Government spending of this kind has large multiplier effects, especially during and after economic shocks. Increased capital expenditure will not only prop up the domestic demand for goods and services by generating employment for low-skilled workers but would also improve the environment for doing business for big industrial players and MSMEs alike, not to mention the tremendous opportunities it will create for the logistics industry.
It is promising to see this agenda being set in motion by the recently unveiled National Infrastructure Pipeline; a lot more is expected from the upcoming National Logistics Policy. Facilitating public investment in these big infrastructure projects through either mode — government borrowing directly from domestic savers or RBI expanding its balance sheet by purchasing securities of government agencies like NHAI, REC, IRFC, etc. — seems like the apposite move during these uncertain times when business confidence is low.

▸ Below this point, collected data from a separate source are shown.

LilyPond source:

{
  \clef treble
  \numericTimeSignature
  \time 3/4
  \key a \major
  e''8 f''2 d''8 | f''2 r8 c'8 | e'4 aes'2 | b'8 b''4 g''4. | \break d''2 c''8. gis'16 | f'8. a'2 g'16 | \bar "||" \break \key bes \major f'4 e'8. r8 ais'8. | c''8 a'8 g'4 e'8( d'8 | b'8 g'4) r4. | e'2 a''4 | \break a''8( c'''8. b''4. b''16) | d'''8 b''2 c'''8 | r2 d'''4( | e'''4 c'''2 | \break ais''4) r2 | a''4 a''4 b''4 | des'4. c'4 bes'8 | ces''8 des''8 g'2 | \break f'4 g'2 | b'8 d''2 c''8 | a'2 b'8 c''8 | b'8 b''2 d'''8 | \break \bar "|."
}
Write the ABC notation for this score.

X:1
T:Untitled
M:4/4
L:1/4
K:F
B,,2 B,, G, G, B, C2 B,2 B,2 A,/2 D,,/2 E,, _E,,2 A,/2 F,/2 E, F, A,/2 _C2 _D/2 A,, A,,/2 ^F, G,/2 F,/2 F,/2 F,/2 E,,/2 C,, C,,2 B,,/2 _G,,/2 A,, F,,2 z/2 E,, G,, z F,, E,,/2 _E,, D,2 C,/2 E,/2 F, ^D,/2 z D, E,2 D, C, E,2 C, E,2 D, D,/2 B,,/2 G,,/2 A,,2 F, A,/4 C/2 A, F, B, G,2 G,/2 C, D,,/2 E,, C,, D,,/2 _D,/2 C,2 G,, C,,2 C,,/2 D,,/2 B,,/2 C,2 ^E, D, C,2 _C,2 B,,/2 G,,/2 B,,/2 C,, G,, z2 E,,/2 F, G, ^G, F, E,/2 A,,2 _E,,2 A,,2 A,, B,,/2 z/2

Moreover, adding to public debt now will prove to be an effective way to reduce debt-to-GDP ratios over the medium term as growth picks up and tax revenues rise on the back of higher incomes. After decades of falling behind in cutting-edge technologies, the case for a renewed national industrial policy is stronger than ever.
The focus should be on the key sectors: health, pharma, energy, climate, auto, chemicals, and digital technology, with specific initiatives in microelectronics, speciality chemicals, batteries, electric vehicles, IoT and artificial intelligence (AI). Without a coherent industrial policy, excess capacity (zombie firms) and price wars emerge, slowing down investment flows — as has often happened in India (witness the recent trajectory of Indian telecom and aviation sector).
The policy should be designed within a framework that not only prevents coordination failures (i.e., ensure complementary investments) but also avoid competing investments in a capital-scarce environment (time to bring back Development Finance Institutions). Broadly, the industrial policy should cater to the entire ecosystem by fostering innovation, training the workforce, and providing a stable and sustainable business environment.
The writer is Policy Consultant at UNDP India. Views expressed are personal.